Recently, broadly neutralising antibodies have been identified conferring protection against HEV infection in vitro against different HEV genotypes and also against enveloped virions. The antibodies also prevented durable HEV infection in a chimeric mouse model. The clinical development of these antibodies could be an option both to treat chronic HEV infection as well as a strategy to protect individuals at risk for acute severe infection by passive immunisation (Ssebyatika 2025). HEV-induce acute-on-chronic liver failure is an emerging threat considering the increasing prevalence of liver cirrhosis due to metabolic dysfunction-associated steatotic liver disease in regions with very frequent HEV exposures.

Outlook

Hepatitis A virus: Effective vaccine strategies are available. Though, current vaccines require a three-dose regimen which is rather unpractical in most parts of the world with highest incidences. Current efforts are on the way to investigate the efficiency and the longevity of a one dose regimen, which would reduce cost and could dramatically increase vaccine acceptance and availability. Furthermore, a greater understanding of the routes of infection may lead to improved prevention campaigns.

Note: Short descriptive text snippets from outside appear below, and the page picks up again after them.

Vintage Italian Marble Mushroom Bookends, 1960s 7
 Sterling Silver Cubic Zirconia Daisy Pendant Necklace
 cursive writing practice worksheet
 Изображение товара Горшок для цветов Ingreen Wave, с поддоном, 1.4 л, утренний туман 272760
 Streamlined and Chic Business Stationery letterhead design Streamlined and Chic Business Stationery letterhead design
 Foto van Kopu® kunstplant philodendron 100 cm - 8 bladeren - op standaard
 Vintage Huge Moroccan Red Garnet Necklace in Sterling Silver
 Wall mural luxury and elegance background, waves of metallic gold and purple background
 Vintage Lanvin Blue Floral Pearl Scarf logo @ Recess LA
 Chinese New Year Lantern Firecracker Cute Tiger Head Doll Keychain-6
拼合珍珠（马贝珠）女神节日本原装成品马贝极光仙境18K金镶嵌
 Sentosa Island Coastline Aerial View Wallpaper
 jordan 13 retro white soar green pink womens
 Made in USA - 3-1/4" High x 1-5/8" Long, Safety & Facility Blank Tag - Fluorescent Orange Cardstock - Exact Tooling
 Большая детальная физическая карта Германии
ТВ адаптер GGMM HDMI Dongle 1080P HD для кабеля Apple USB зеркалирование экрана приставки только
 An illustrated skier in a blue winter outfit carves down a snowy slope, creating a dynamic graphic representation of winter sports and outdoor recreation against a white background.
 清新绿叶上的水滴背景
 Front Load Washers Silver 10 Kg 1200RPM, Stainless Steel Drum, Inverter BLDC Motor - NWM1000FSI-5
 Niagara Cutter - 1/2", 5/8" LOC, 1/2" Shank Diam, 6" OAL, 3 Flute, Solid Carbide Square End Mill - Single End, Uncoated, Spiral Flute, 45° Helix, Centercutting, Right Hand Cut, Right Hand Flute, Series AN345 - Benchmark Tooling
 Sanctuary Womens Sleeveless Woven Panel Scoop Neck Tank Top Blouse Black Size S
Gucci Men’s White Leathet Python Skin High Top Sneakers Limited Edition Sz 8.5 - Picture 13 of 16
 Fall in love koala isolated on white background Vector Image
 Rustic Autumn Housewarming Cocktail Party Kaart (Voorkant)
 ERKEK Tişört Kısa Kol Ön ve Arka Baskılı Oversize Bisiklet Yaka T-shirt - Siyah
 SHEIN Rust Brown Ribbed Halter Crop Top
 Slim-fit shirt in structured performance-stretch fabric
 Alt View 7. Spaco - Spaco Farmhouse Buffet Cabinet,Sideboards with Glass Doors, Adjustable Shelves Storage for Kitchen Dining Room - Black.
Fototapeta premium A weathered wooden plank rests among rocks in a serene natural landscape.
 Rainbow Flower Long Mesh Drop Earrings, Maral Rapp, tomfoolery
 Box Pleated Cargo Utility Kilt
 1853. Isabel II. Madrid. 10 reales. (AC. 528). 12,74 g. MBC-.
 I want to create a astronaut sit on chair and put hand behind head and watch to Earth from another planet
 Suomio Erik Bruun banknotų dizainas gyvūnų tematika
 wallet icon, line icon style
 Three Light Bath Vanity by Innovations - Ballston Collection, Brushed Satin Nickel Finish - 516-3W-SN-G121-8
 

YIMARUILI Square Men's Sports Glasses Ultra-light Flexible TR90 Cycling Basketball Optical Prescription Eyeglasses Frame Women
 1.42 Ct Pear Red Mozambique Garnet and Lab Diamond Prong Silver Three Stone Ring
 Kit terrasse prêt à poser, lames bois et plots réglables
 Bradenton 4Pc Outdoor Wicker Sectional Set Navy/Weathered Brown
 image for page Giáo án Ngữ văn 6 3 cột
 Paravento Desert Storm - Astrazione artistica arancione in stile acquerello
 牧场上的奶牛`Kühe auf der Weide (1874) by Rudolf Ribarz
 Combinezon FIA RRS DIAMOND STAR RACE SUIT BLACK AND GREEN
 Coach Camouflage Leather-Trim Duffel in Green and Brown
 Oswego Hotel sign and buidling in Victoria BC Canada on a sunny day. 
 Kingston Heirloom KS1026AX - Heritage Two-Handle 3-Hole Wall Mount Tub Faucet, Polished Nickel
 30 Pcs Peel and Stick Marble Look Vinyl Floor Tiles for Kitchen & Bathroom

Hepatitis B virus: Although the vaccination is very effective for most individuals, around 5 % of all vaccinees do not develop a measurable humoral response to current vaccines. The development of novel vaccines with different antigens and adjuvants offers the opportunity to improve the protection of a very vulnerable cohort. More data on requirements for booster vaccinations are needed both for individuals after infant or childhood vaccination as well as for persons who have been vaccinated as adults.

Hepatitis C virus: The complex immune response and viral strategies to evade the immune system e.g. by viral mutations, impedes the development of a vaccine. First promising preclinical and clinical trials were performed. Novel vaccine strategies are currently in pre-clinical development. Until vaccines become available, access to antiviral treatment both for chronically as well as recently infected individuals is critical to prevent further spreading of the virus.

Hepatitis E virus: As the virus can be detected urine and in blood, a better understanding of spreading of the virus within families and close contact persons is needed. Correlates of protection are also not well understood as well as duration of immune responses after exposure and infection or vaccination. As the solitary vaccine with phase 3 data is available in China and few other countries only, additional efforts are needed to develop vaccines against HEV. The development of neutralising antibodies would be valuable that could be used in a passive vaccination strategy for high-risk groups such as immunocompromised individuals. The protection of active or passive vaccination strategies across against different HEV genotypes will be another challenge.